As usual you start by printing out the traceable outline from the worksheet. Draw the outline lightly onto a sheet of watercolor paper. If you make a mistake, I find that kneaded erasers work great for removing unwanted pencil lines on watercolor paper. You can also use these to pick up excess graphite from the surface and leave only light pencil marks.
If you’ve been following along so far you’re probably starting picking up some of the watercolor techniques used in each of the projects. This painting begins with another variegated wash.

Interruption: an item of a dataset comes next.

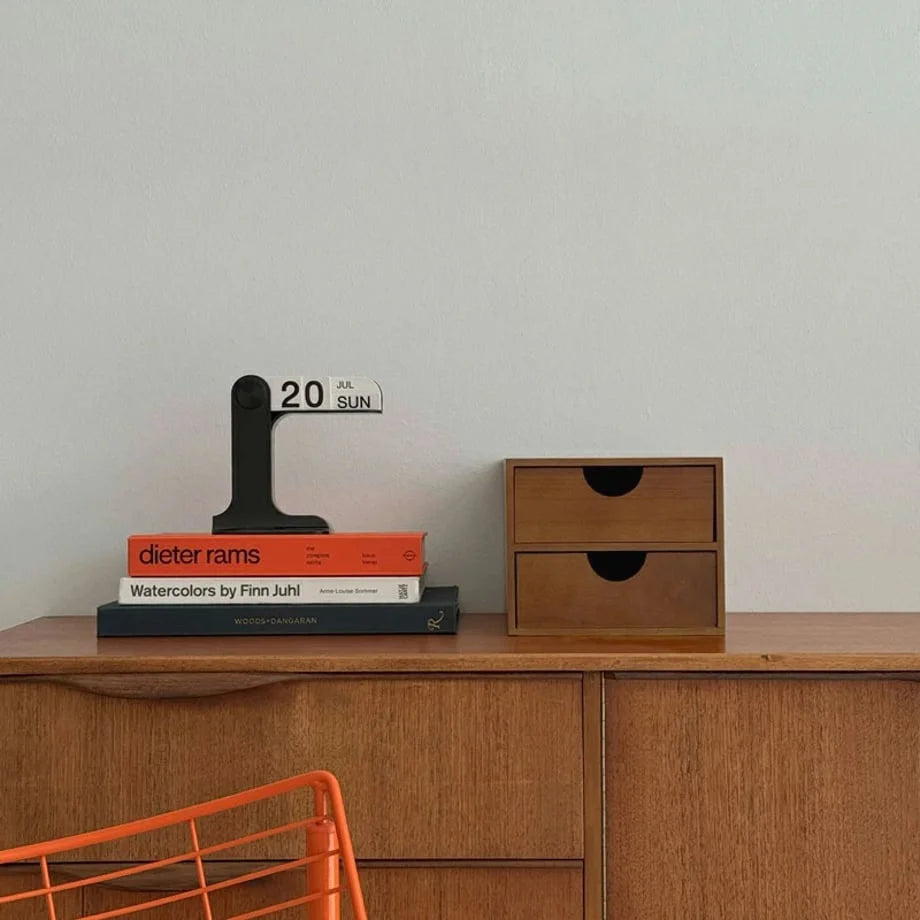 The wooden desktop organizer sitting on a vintage credenza next to a flip calendar and a stack of art books. - RoomDen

I painted the body of the hens, starting with a light (diluted) brown color at the top and darkening the mixture as I progressed towards the bottom. If you want to make a similar hue you can mix a warm yellow with a touch of brown (in my case I used hansa yellow deep and burnt umber).
Leave the sweater (jumper) shape untouched. This looks tricky, but the head and tail of the bird are connected by the wing shape. Keep your brush strokes fluid and work your way down through the wing and finishing up with the tail. The objective was to make the underside slightly darker and stronger in tonal value than the upper half. If you don’t see this you can also use a “charging-in” technique to drop in some stronger paint to the parts that need it. This method works by dabbing the surface of the damp wash of color so that pigments diffuse smoothly into the wash.
Note that the eye was also left white…
The word “THREE” was painted in gray, with a few white highlights here and there.
When everything is dry you can paint the wings with a glazing technique over the top of the first color (remember this is a wet-on-dry technique used to build up color intensity and value in watercolors).
I painted the hens “comb” (the wobbly thing on top of its head) with a red to brown variegated wash.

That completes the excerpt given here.